§ WORK INSTRUCTION: The whole listing is to be written out again exactly; the pictures are not.

§ INFORMATION PROVIDED:
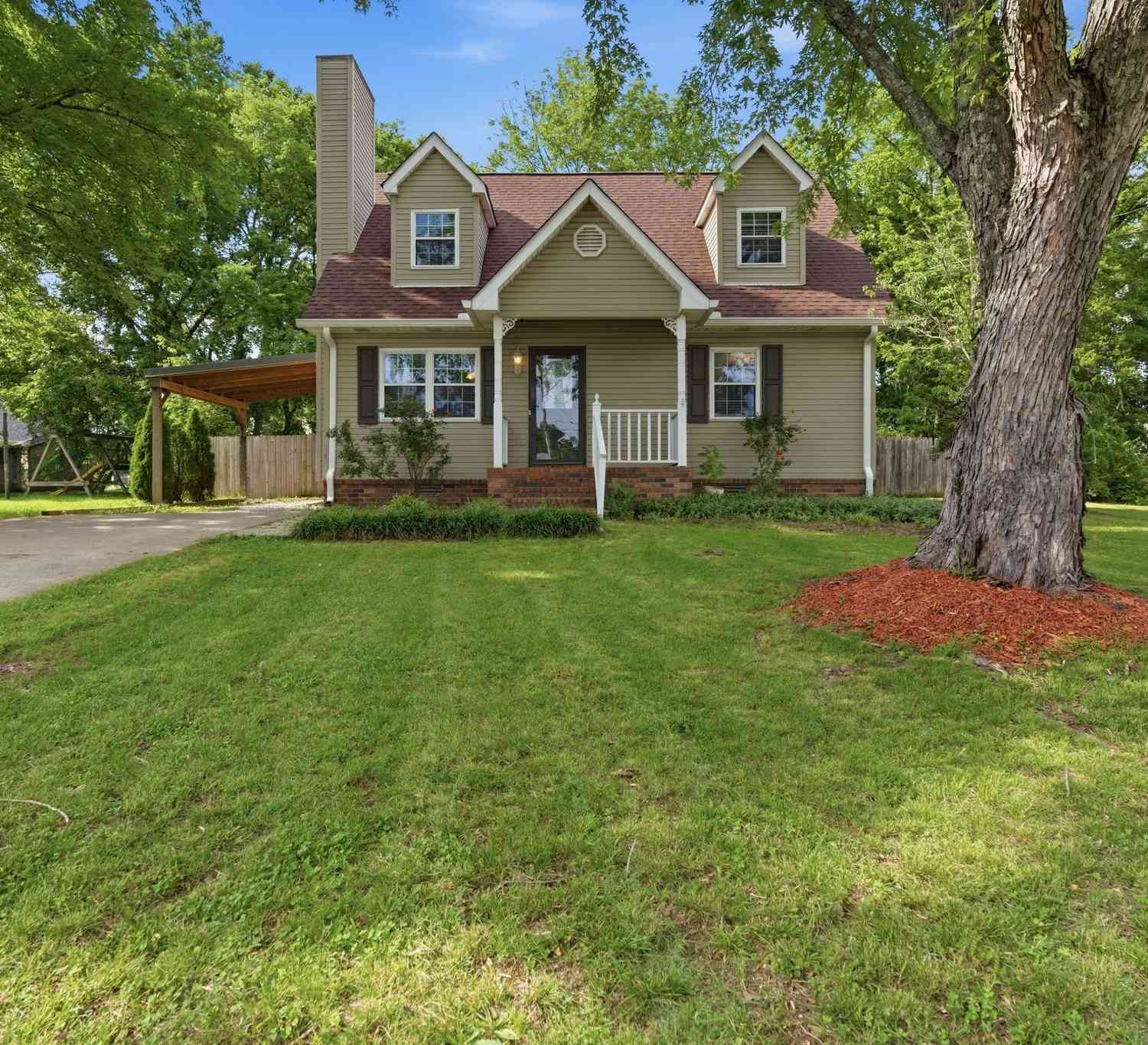 Homes For Sale - 240 E Morris Dr<br/> Sumner County County, Gallatin, TN 37066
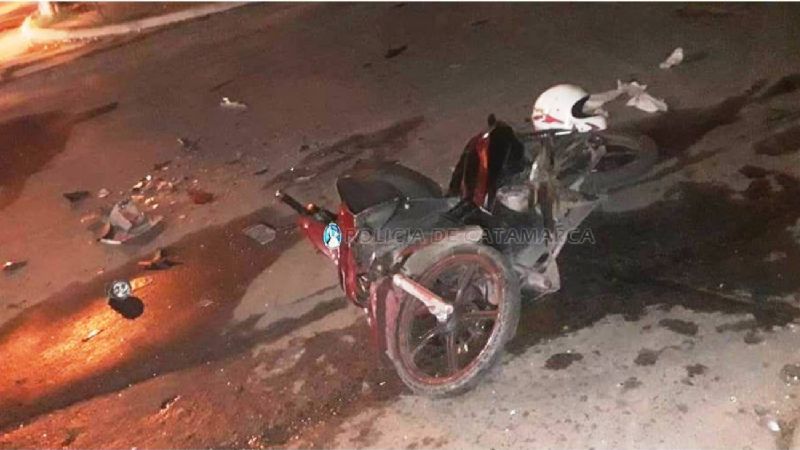 Fuerte choque entre un auto y una moto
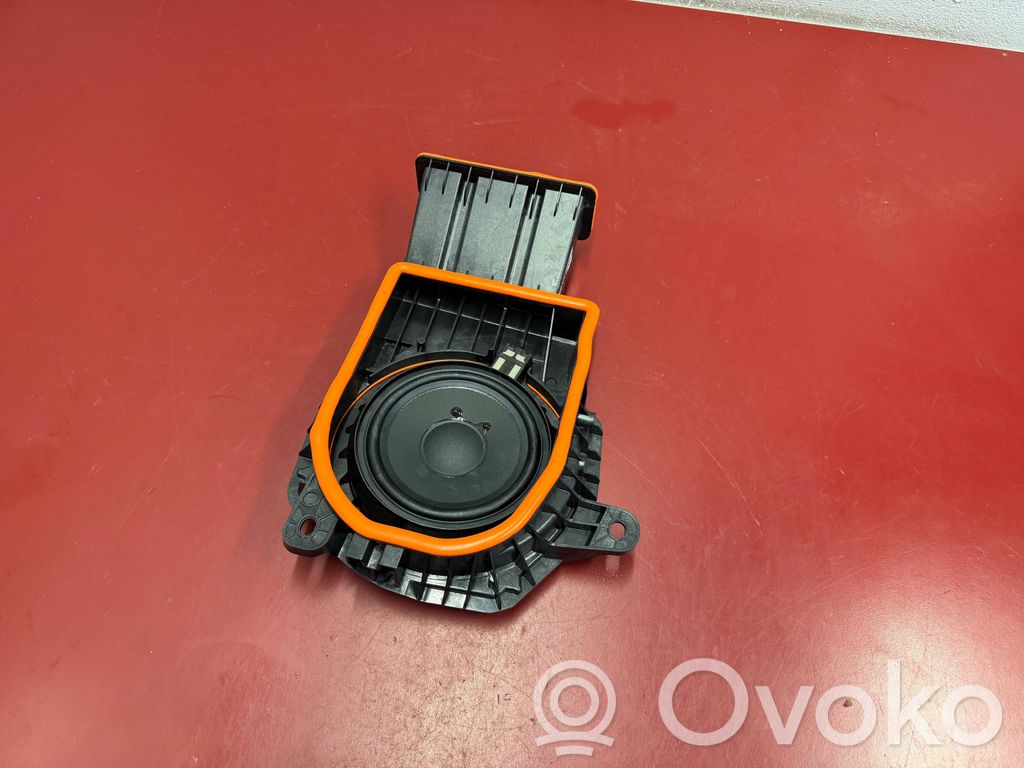 BMW X1 U11 Altavoz subwoofer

§ ANSWER SPACE:
 Homes For Sale - 240 E Morris Dr<br/> Sumner County County, Gallatin, TN 37066
 Fuerte choque entre un auto y una moto
 BMW X1 U11 Altavoz subwoofer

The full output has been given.